Stored data>
########################################

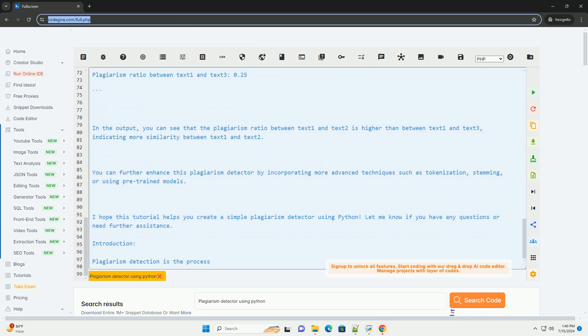You can further enhance this plagiarism detector by incorporating more advanced techniques such as tokenization, stemming, or using pre-trained models.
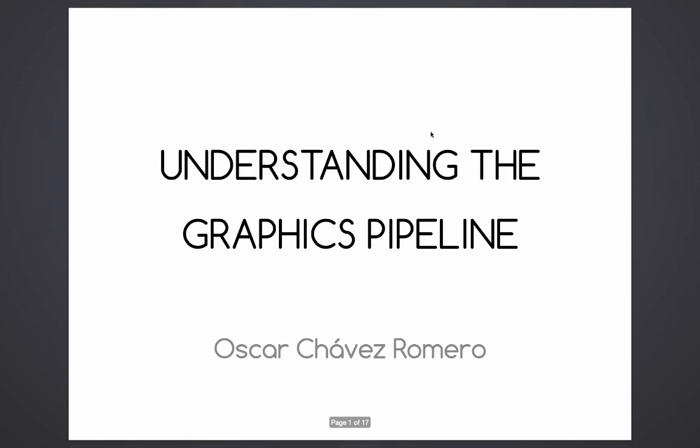Hello everyone, my name is Oscar and today we're going to talk about the graphics or the rendering pipeline. Yesterday someone asked me about how the API, OpenGL or even WebGL, communicates with the hardware. I explained but this guy didn't quite understand me, so I decided to make a more visual presentation out of it.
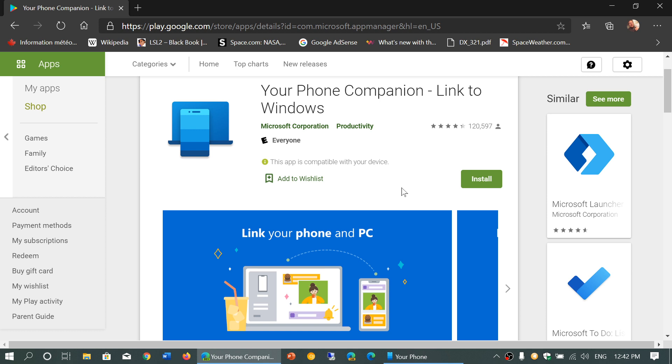You need a Microsoft account for all of this to work. You have to be logged into a Microsoft account on your Windows 10 PC and the same Microsoft account on your Phone Companion app on your Android phone. Once all that is done, you will enjoy amazing interaction with your phone and your Windows computer.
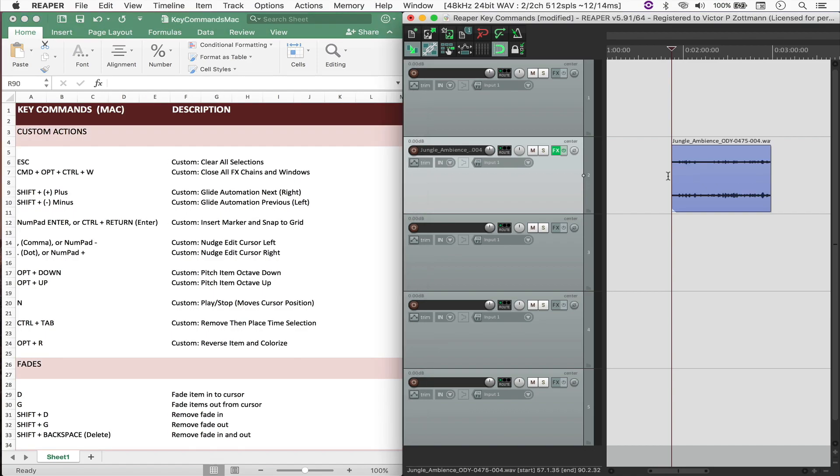And I also wanted to run through some of the actions so that you can understand a little bit of how Reaper works if you're new to the software. So let's get into it.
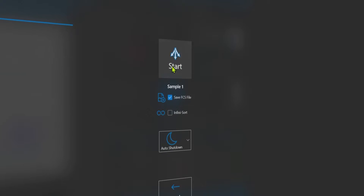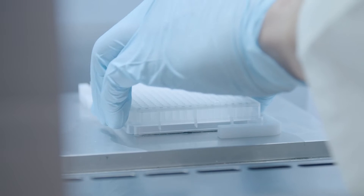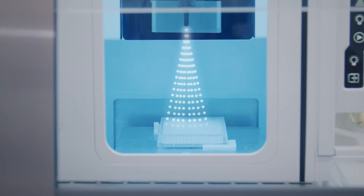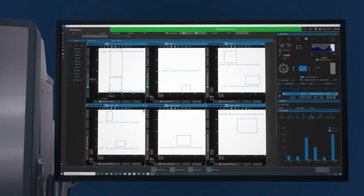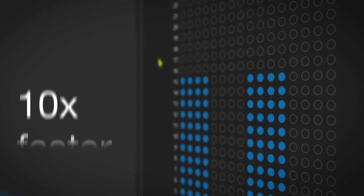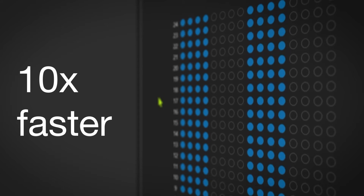Configurable, quick, and calibrated, the high throughput of the multi-way plate sorting of the InvitraGen Bigfoot Spectral Cell Sorter with Sasquatch software helps achieve maximal productivity. It is in a league of its own, up to 10 times faster than the competition.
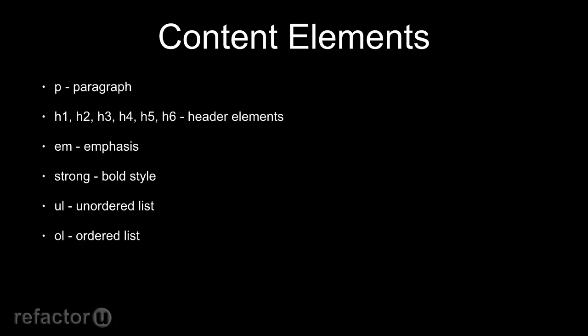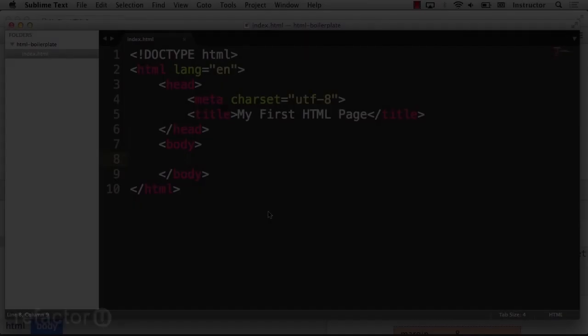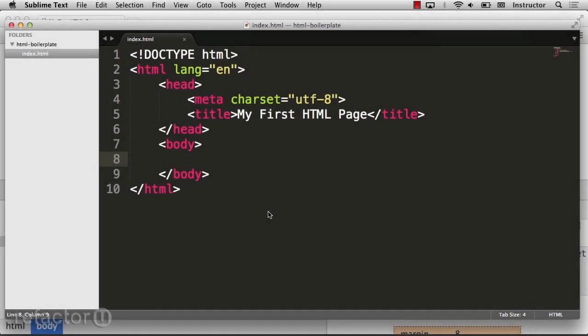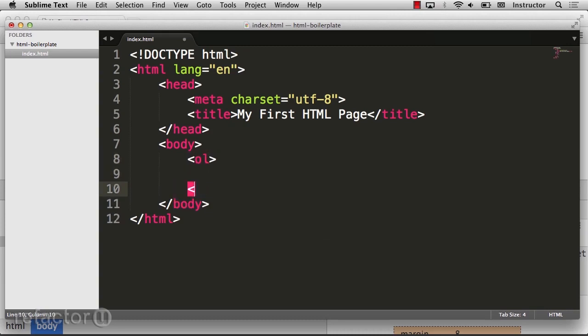The ordered list is a bit like the unordered list, except that this time it uses numbers as its identifier. An ordered list is defined similarly to an unordered list. We'll start with the wrapping container of an OL, and then fill it with our list items.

########################################

Task directions>
From the first line to the last, copy the records above exactly and leave out the pictures.

Reply to the task>
You can further enhance this plagiarism detector by incorporating more advanced techniques such as tokenization, stemming, or using pre-trained models.
Hello everyone, my name is Oscar and today we're going to talk about the graphics or the rendering pipeline. Yesterday someone asked me about how the API, OpenGL or even WebGL, communicates with the hardware. I explained but this guy didn't quite understand me, so I decided to make a more visual presentation out of it.
You need a Microsoft account for all of this to work. You have to be logged into a Microsoft account on your Windows 10 PC and the same Microsoft account on your Phone Companion app on your Android phone. Once all that is done, you will enjoy amazing interaction with your phone and your Windows computer.
And I also wanted to run through some of the actions so that you can understand a little bit of how Reaper works if you're new to the software. So let's get into it.
Configurable, quick, and calibrated, the high throughput of the multi-way plate sorting of the InvitraGen Bigfoot Spectral Cell Sorter with Sasquatch software helps achieve maximal productivity. It is in a league of its own, up to 10 times faster than the competition.
The ordered list is a bit like the unordered list, except that this time it uses numbers as its identifier. An ordered list is defined similarly to an unordered list. We'll start with the wrapping container of an OL, and then fill it with our list items.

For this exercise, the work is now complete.